Warning: explicit content in this post
Donne Elegy XX
TO HIS MISTRESS GOING TO BED.
COME, madam, come, all rest my powers defy;
Until I labour, I in labour lie.
The foe ofttimes, having the foe in sight,
Is tired with standing, though he never fight.
Off with that girdle, like heaven’s zone glittering,
But a far fairer world encompassing.
Unpin that spangled breast-plate, which you wear,
That th’ eyes of busy fools may be stopp’d there.
Unlace yourself, for that harmonious chime
Tells me from you that now it is bed-time.
Off with that happy busk, which I envy,
That still can be, and still can stand so nigh.
Your gown going off such beauteous state reveals,
As when from flowery meads th’ hill’s shadow steals.
Off with your wiry coronet, and show
The hairy diadems which on you do grow.
Off with your hose and shoes; then softly tread
In this love’s hallow’d temple, this soft bed.

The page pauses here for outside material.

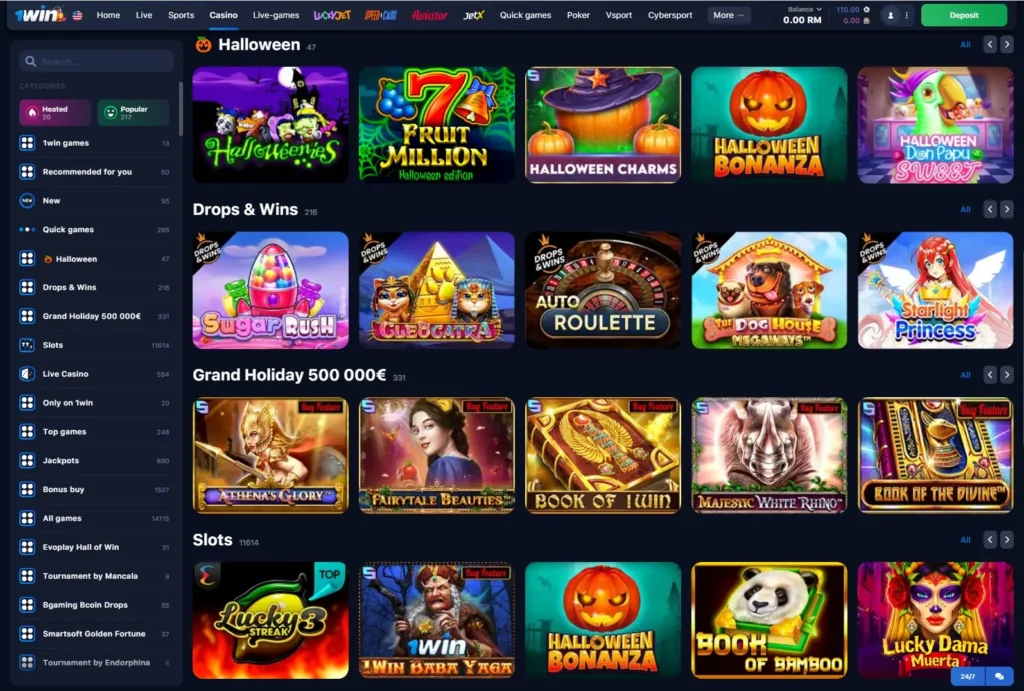 Jocuri online la Casino 1WIN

In such white robes heaven’s angels used to be
Revealed to men; thou, angel, bring’st with thee
A heaven-like Mahomet’s paradise; and though
Ill spirits walk in white, we easily know
By this these angels from an evil sprite;
Those set our hairs, but these our flesh upright.
Licence my roving hands, and let them go
Before, behind, between, above, below.
O, my America, my Newfoundland,
My kingdom, safest when with one man mann’d,
My mine of precious stones, my empery;
How am I blest in thus discovering thee!
To enter in these bonds, is to be free;
Then, where my hand is set, my soul shall be.
Full nakedness! All joys are due to thee;
As souls unbodied, bodies unclothed must be
To taste whole joys. Gems which you women use
Are like Atlanta’s ball cast in men’s views;
That, when a fool’s eye lighteth on a gem,
His earthly soul might court that, not them.
Like pictures, or like books’ gay coverings made
For laymen, are all women thus array’d.
Themselves are only mystic books, which we
—Whom their imputed grace will dignify—
Must see reveal’d. Then, since that I may know,
As liberally as to thy midwife show
Thyself; cast all, yea, this white linen hence;
There is no penance due to innocence:
To teach thee, I am naked first; why then,
What needst thou have more covering than a man?
Writing about this poem is a challenge; teaching it was always one, but I did not like to shy away from it, for it is Donne at his finest, his wittiest, his sexiest, too. I would like to know what he made of it if he ever looked back at it, much later in his life, when he was Dean of St Paul’s…
Structurally, it’s a single piece, in rhyming couplets: none of the inventiveness of some of his love lyrics in this elegy. And we have to remember, as we read, that although in our twenty-first century reading, the poet appears to be actually addressing a woman as she undresses, for Donne this may not have been the case: the poem may merely have been a poetic exercise, an extended piece of wit (not humour, but cleverness, a show-casing of knowledge) of the kind that educated young men of the time might be expected to turn out, a poem about a woman undressing. The mistress may be real or imagined.
I’m afraid it can help our understanding of poems like this to read with the smuttier mind of a teenager, deliberately looking for the double-entendres, and I’ll urge you to do that: consider at least the words which I’ve underlined in the text of the poem…
Clearly women wore far more clothes, and far more complex clothes in those days! Almost the first half of the poem is a catalogue of the different garments he watches her remove, and his description of what is then revealed. The reference to Mahomet’s paradise is interesting one: clearly even in Donne’s time people were familiar with the nowadays hackneyed (and perhaps inaccurate) trope of the hordes of beautiful virgins awaiting the blessed in paradise.
We can sense the poet’s eagerness, impatience even, in Licence my roving hands and the line that follows, understandable perhaps, after how long the disrobing must have lasted. O, my America, my Newfoundland: I love this line, so clever, with its topical references to the newly-discovered world across the Atlantic; this is what I mean when I write about ‘wit’. And then follow the slightly less original comparisons with mines of precious stones and empires; jewellery is clearly a distraction to him, as we see from the classical reference to Atlanta’s balls. Pleased that she is finally undressed, he points out how much quicker he was in removing his clothes, as if to set the example and reassure her: if he is naked, why should she be afraid to be? The last line says it all.
Does the poem work, as a piece of erotic fantasy? Or is it pornography? Those are not throwaway questions, but serious considerations, and started off lively discussions in some of my classes with sixth-formers. I don’t see it as pornographic because in the end I can see no exploitation of the woman here; nonetheless I’m not totally comfortable that, as in some other of his love lyrics, only the man gets to speak: the woman’s voice is imagined and her consent therefore assumed.